Да, красиво. Причём, есть ещё и свой сюжет, и своя логика в тексте. Мир оперы оказался более реалистичен, чем мир "железа и пара". Ожидал я финала больше в мире стимпанка. Или про техническую революцию в Запретном Царстве) Но, честно, до такого попадания в рамки условий, как у финалистов, не додумался бы. Так что, автору браво.
Оказалось, всё-же не всё настолько буквально, и текст не приключения про стимбоя, а больше про мистику. Автор, а может после конкурса у вас появится продолжение? И про странствующих духов, и про актёра-воришку? Ведь, вообщем-то, для героев история не завершилась.
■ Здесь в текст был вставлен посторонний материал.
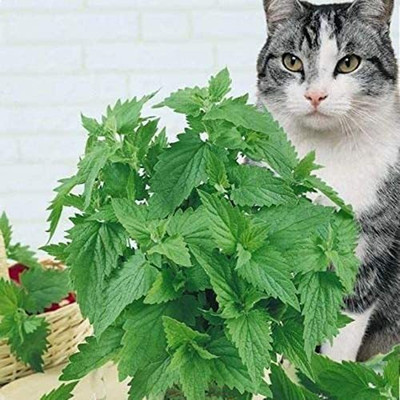 CYBEXIS VXI-19 - Nepeta Cataria Common Catmint - (4500 Seeds) Seed(4500 per packet)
И в рамках "железного" мира для нас многое осталось за кадром. Есть светлые маги и темные маги, а есть адекватные.
Чем особенно приятен для меня, это тем, что ярко вижу картинку, эдакий эффект полного присутствия. Мягкий, плавный, такой - очень женский (или даже девичий) рассказ. Хорош.
Оказалось, всё-же не всё настолько буквально, и текст не приключения про стимбоя, а больше про мистику. Автор, а может после конкурса у вас появится продолжение? И про странствующих духов, и про актёра-воришку? Ведь, вообщем-то, для героев история не завершилась. И в рамках "железного" мира для нас многое осталось за кадром.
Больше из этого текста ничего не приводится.